Information shown:
━━━━━━━━
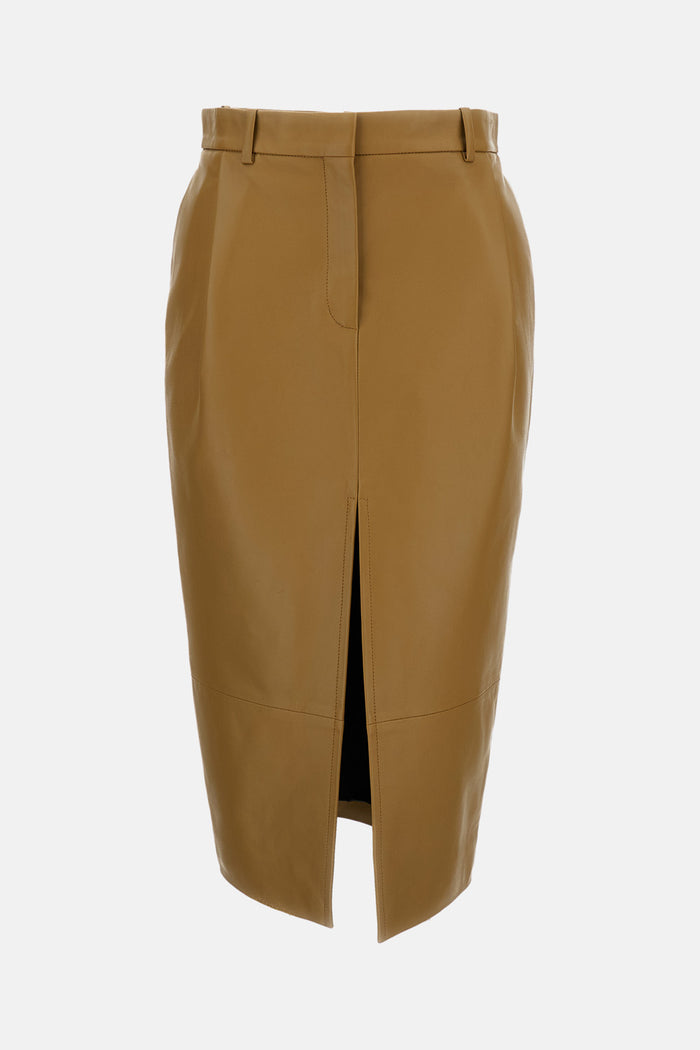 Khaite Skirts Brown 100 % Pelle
━━━━━━━━
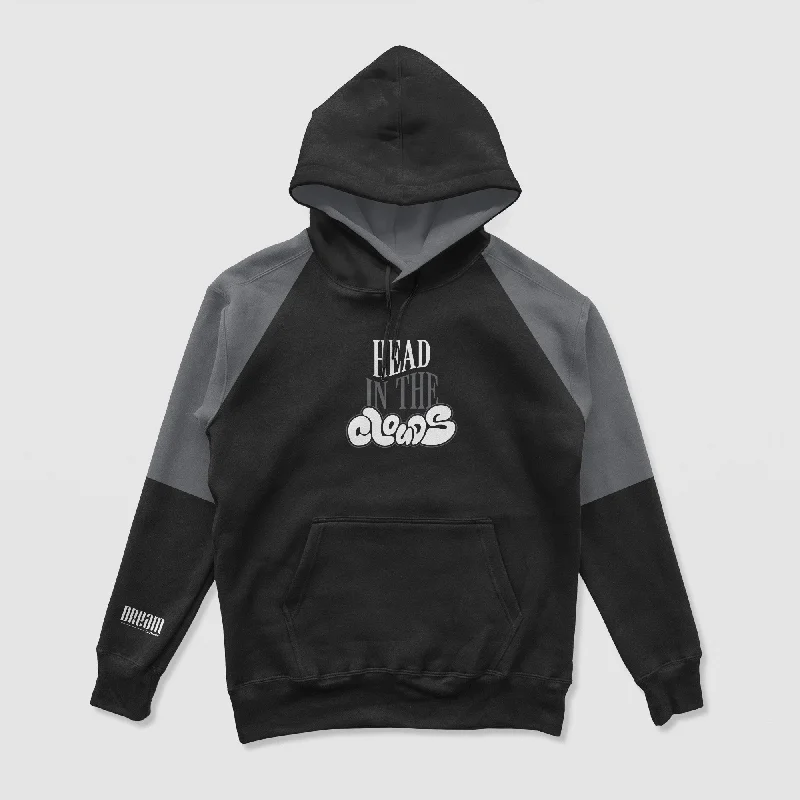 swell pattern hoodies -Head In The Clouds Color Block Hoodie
━━━━━━━━
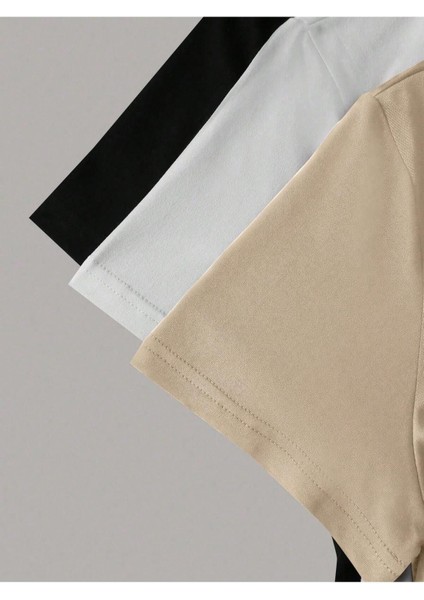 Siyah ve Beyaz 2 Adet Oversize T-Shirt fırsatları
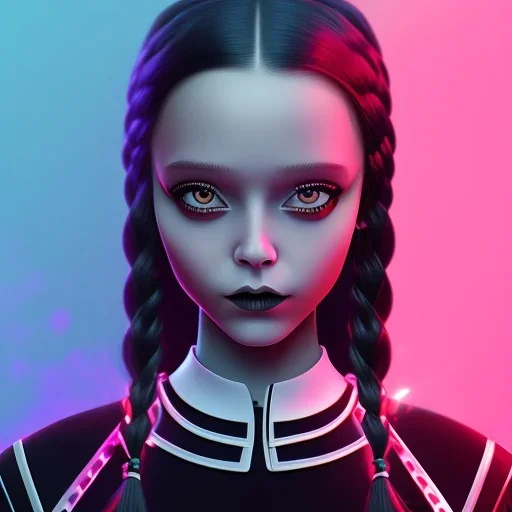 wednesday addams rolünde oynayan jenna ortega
━━━━━━━━
Description of the task: Only one stretch of the entries above is needed: the lines from the one containing "Siyah ve Beyaz" through the one containing "wednesday addams rolünde". Copy it exactly, without the pictures.

Task response:
 Siyah ve Beyaz 2 Adet Oversize T-Shirt fırsatları
 wednesday addams rolünde oynayan jenna ortega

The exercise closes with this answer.